Cependant les Canadiens et les Québécois méritent
mieux que le cocktail acerbe et rancunier que leur servent leurs
dirigeants politiques. Ils valent bien qu'on réhausse la
barre du défi.
La semaine dernière,
j'ai déclaré que trouver de nouveaux moyens d'institutionnaliser
les principes fédéraux auxquels les Canadiens se sont
résolus depuis longtemps, est l'une des missions fondamentales
dont nous pourrions enfin nous occuper, si la question de l'unité
nationale cessait de tenir le devant de la scène. En outre,
il y a d'autres tâches dont nous pourrions nous charger pour
améliorer les conditions des minorités linguistiques
et ethniques, non seulement dans notre pays, mais à travers
le monde.
Isaiah Berlin,
l'un des plus grands penseur de ce siècle, était convaincu
qu'un monde réduit à une culture unique équivaudrait
à un monde sans culture. En travaillant de concert, le Canada
et le Québec pourraient remarquablement apporter leur contribution
au débat qui se manifeste mondialement sur la question de
la diversité linguistique et culturelle. Toutes les langues
sont des joyaux qui enrichissent le genre humain. Or, il se trouve
que le Canada se caractérise par le fait qu'il est le berceau
de deux idiomes - l'anglais et le français - qui sont parlés
et étudiés dans tous les recoins de la planète.
Les deux langues
ont entretenu les identités culturelles en conflit au Canada,
et au Québec, où elles ont renversé les rôles
de majorité et minorité. De cette tension est née
une attitude distincte et légitime. La capacité qu'à
le Canada d'aménager la lutte entre les Anglais et les Français
au sein de ses institutions publiques, est se qui a rendu l'expérience
politique canadienne exemplaire en des lieux tels que l'Espagne,
l'Afrique du Sud et l'Europe de l'Est.
En 2001, le
Canada accueillera le prochain Sommet des Amériques dans
la ville de Québec.

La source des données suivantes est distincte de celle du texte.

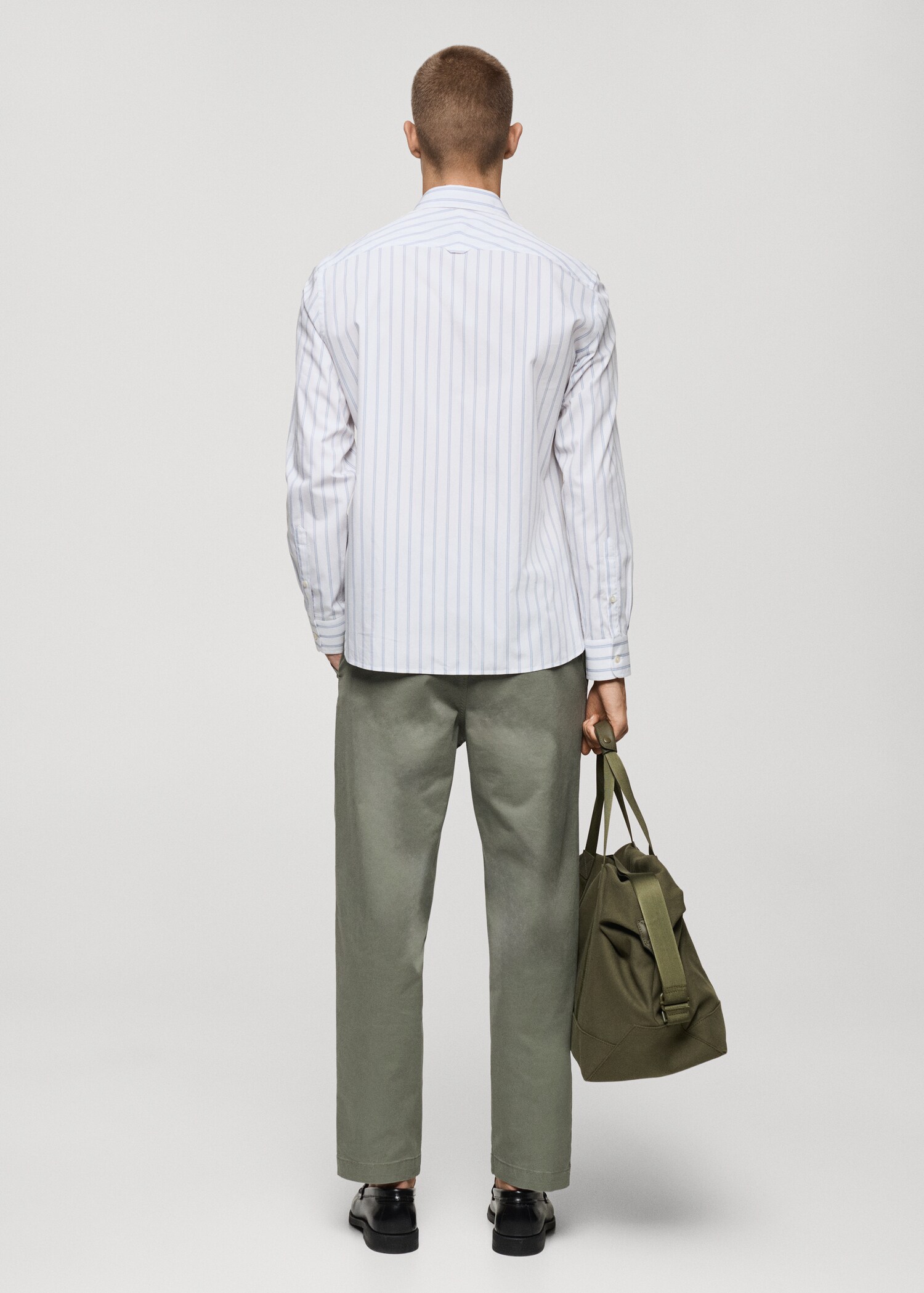 Camisa regular fit de algodão às riscas - Verso do artigo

En plus des éternelles discussions
sur l'élargissement du l'Accord de libre-échange nord-américain
(ALENA),
je pense que l'intégration des Amériques sur le plan
politique ne va pas tarder à devenir une question pressante.
Si on prend en considération le fait que la population de
l'hémisphère atteindra un milliard autour de 2025,
ce ne sera pas une mince tâche.
Le Canada pourrait
prendre une part importante dans le soutien du dialogue politique
entre les États-Unis et les pays d'Amériques latine.
Depuis quelques années, le Canada a réussi à
cultiver des liens plus étroits avec l'Amérique latine.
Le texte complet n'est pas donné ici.